O material de divulgação anuncia: o hotel da rede Intercontinental inaugurado na semana passada a 150 quilômetros de Munique, na Alemanha, e a 33 quilômetros de Salzburg, na Áustria, no coração da Bavária, é um dos resorts mais luxuosos da Europa. Com 138 suítes, a mil metros de altitude, ele tem à sua volta a idílica paisagem dos Alpes, coberta de neve nesta época do ano. Mas há um detalhe, contudo, que transformou o prédio, nas últimas semanas, em alvo de espanto da comunidade internacional. O resort foi erguido no mesmo lugar onde Adolf Hitler determinou algumas das operações alemãs durante a II Guerra Mundial. Berchtesgaden, ou o Ninho da Águia, como é conhecido, foi a segunda capital do Terceiro Reich entre 1933 e 1945. Lá, Hitler, sua mulher Eva Braum e a alta cúpula do partido nazista passavam as férias e os finais de semana. Oficiais da Gestapo, a polícia secreta alemã, e do Serviço de Segurança do Führer mantinham escritórios no endereço. Trata-se, portanto, de um ícone do governo nazista. ?A idéia de construir um hotel onde Hitler passava as férias é de extremo mau gosto?, diz o rabino Henri Sobel, presidente da Congregação Israelita Paulista. As principais entidades judaicas ao redor do planeta fazem coro a esta impressão.

Peregrinação. Na Alemanha, o caso ganhou as páginas dos jornais com opiniões divergentes. O ministro de finanças da Bavária, Kurt Faltlhauser, diz que o empreendimento movimentará a economia local. É possível, sim, mas diante da polêmica, cabe uma pergunta: que tipo de turista se hospedaria em um hotel com tamanha carga negativa? O receio da comunidade internacional é o de que o local se converta, ainda mais do que já é, em um centro de peregrinação de simpatizantes nazistas. O temor tem fundamento. O hotel da bandeira Intercontinental está pousado exatamente no ponto em que, antes dos bombardeios aliados ao fim da guerra, ficava a vila de Hermann Goering, comandante da Luftwaffe, a Força Aérea Alemã, e de Martin Bormann, secretário particular de Hitler. Mais: está a 300 metros da casa do Führer. Pode parecer mero simbologismo, e de fato não é muito mais do que isso, mas não há como fugir do estigma colado ao centro das principais decisões nazistas. A segunda parte do livro Mein Kampf (Minha Luta), de autoria do comandante alemão, guia de suas idéias, foi escrita ali em 1925.

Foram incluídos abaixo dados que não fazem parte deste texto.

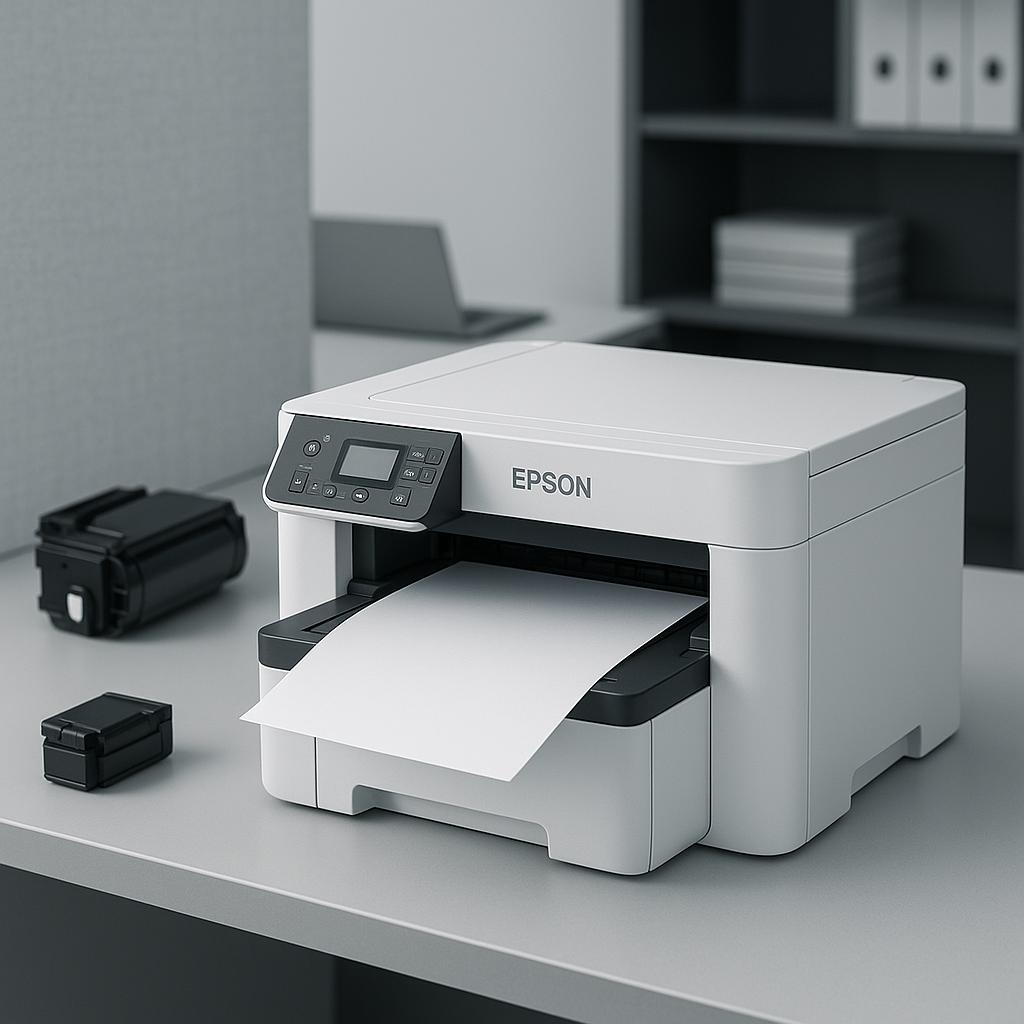 dlaczego drukarka wolno drukuje epson?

Bombardeado pelos britânicos em abril de 1945, o Ninho da Águia seria ocupado, em seguida, pelos americanos, que descobriram preciosidades escondidas no bunker. Havia milhares de caixas de grandes safras de vinhos, roubadas dos franceses, e obras de arte pilhadas de colecionadores judeus. Para chegar ao cofre no qual as relíquias estavam guardadas, havia um elevador construído na rocha, com poltronas de veludo e folheado a ouro. Antes de abandonar o local, os nazistas quebraram a máquina e abandonaram as riquezas surrupiadas. Mas não conseguiram apagar a história ? e é ela que hoje cobra a conta. ?Com a inauguração, vamos trazer hóspedes interessados na importância histórica da região?, diz Jörg Böeckeler, gerente do Intercontinental Berchtesgaden. Se essa é a intenção, e ela não é ruim, então por que, nas 2.011 palavras de apresentação do resort, não há referência ao período em que o Terceiro Reich, sob a batuta de Hitler, imperou na Alemanha? Para apaziguar os ânimos, depois dos ataques, o Intercontinental inaugurou às pressas um pequeno museu com fotografias do horror do nazismo. É pouco.